══ Data for analysis ══

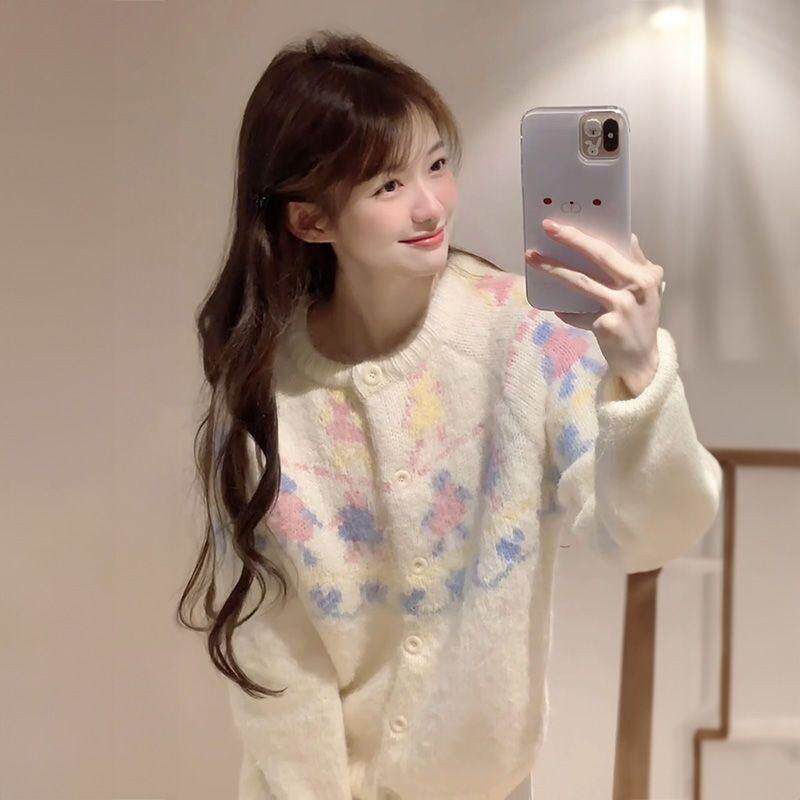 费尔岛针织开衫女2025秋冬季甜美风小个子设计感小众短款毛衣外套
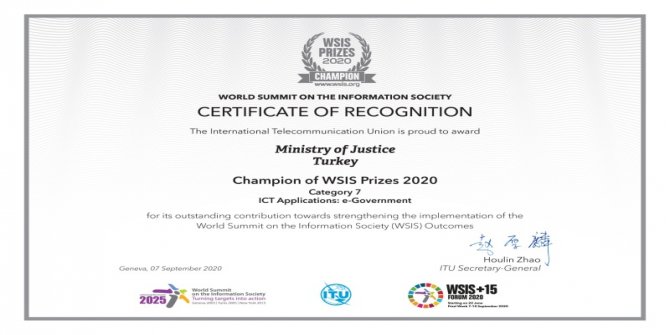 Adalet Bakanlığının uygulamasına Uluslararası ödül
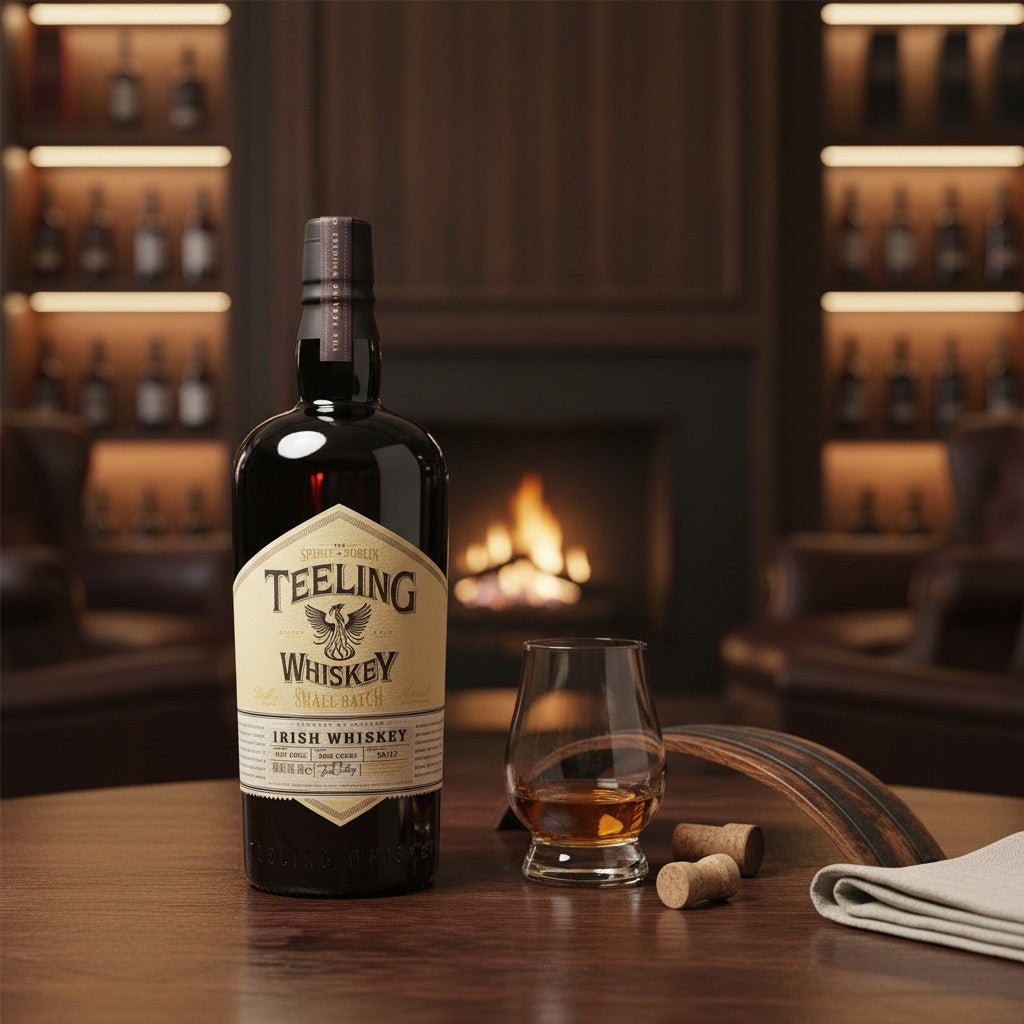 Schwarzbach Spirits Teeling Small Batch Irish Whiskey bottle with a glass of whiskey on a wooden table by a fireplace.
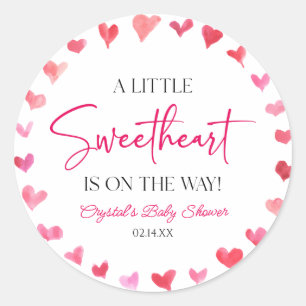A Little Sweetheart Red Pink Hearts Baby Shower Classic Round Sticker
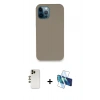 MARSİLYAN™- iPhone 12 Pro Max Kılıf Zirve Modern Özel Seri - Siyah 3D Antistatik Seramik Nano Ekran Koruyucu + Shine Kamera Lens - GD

═══
══ Data for analysis ══

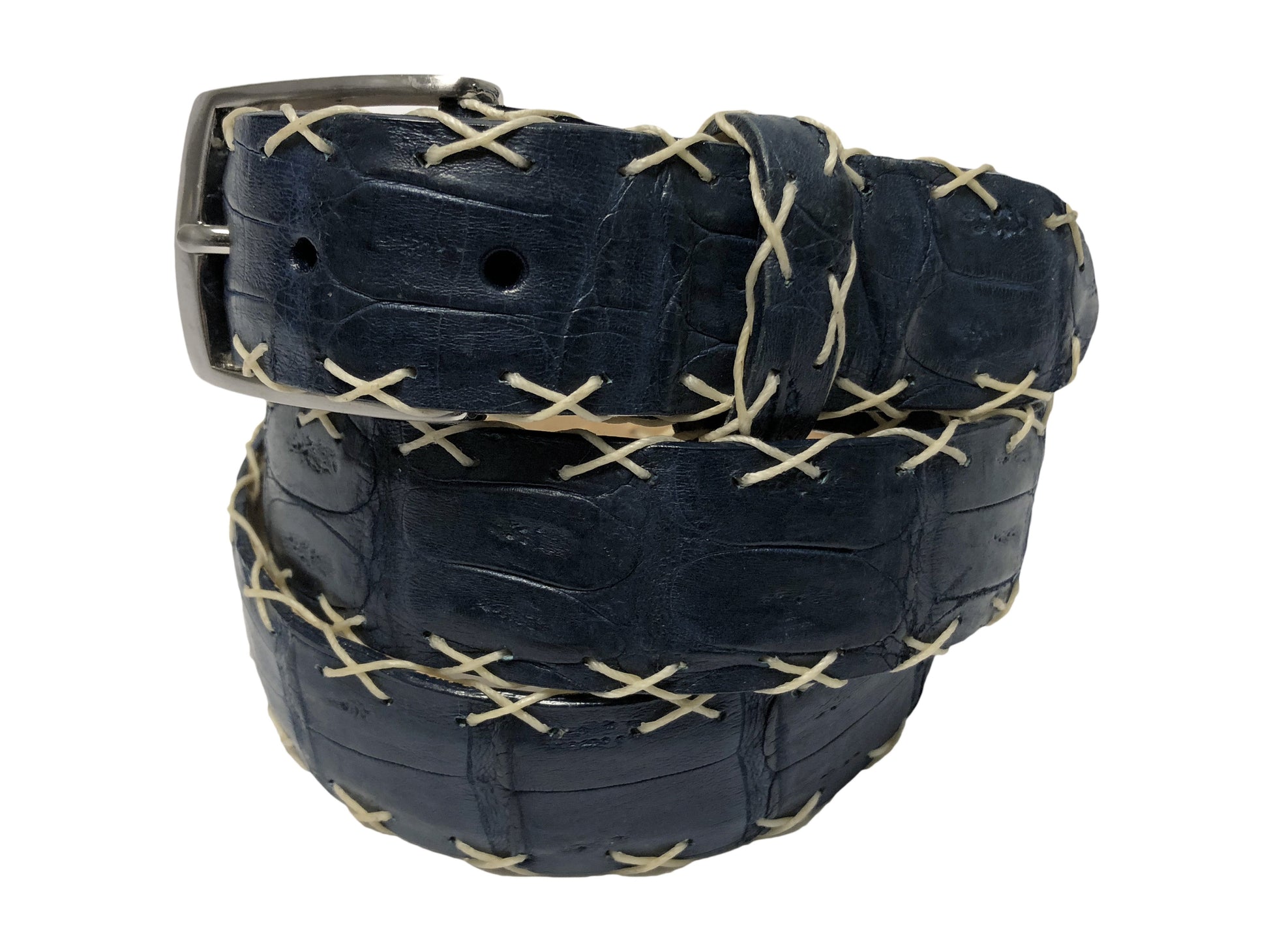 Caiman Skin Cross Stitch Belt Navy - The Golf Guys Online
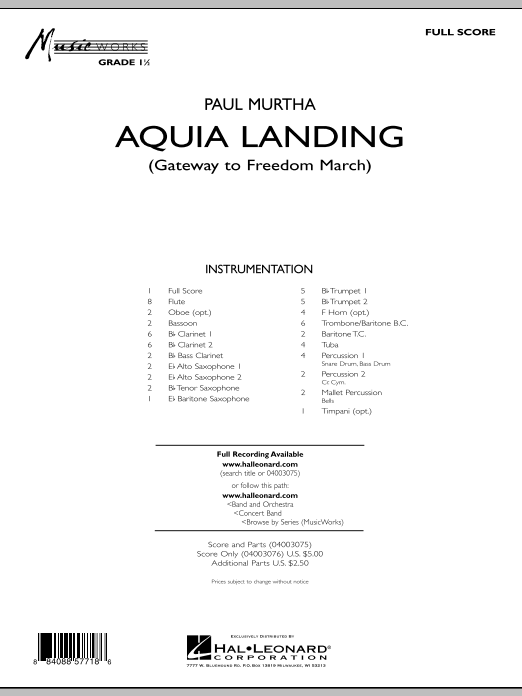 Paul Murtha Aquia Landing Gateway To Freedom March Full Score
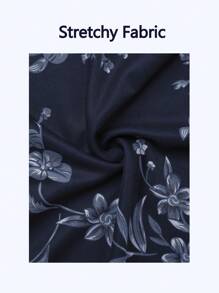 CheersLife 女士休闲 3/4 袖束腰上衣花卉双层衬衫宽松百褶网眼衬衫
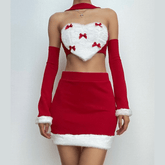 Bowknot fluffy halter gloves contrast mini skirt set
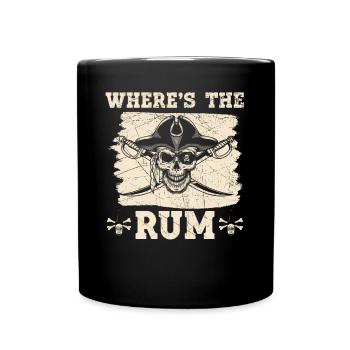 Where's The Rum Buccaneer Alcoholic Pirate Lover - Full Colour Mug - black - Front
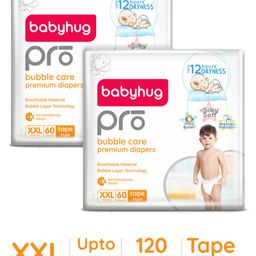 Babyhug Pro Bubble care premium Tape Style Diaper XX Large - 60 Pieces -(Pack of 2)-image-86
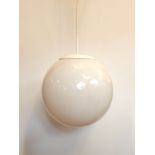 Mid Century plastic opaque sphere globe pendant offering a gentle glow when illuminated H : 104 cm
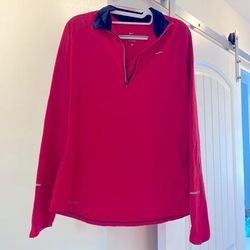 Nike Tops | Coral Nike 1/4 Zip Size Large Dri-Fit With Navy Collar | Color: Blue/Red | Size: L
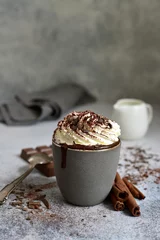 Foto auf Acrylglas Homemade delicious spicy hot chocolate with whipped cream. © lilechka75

═══

## What the task asks
Within the material above, find the part that opens with the line containing "费尔岛针织开衫女2025秋冬季甜美风小个子设计感小众短款毛衣外套" and closes with the line containing "Schwarzbach Spirits Teeling", and reproduce it exactly without the pictures.

## Exercise output
 费尔岛针织开衫女2025秋冬季甜美风小个子设计感小众短款毛衣外套
 Adalet Bakanlığının uygulamasına Uluslararası ödül
 Schwarzbach Spirits Teeling Small Batch Irish Whiskey bottle with a glass of whiskey on a wooden table by a fireplace.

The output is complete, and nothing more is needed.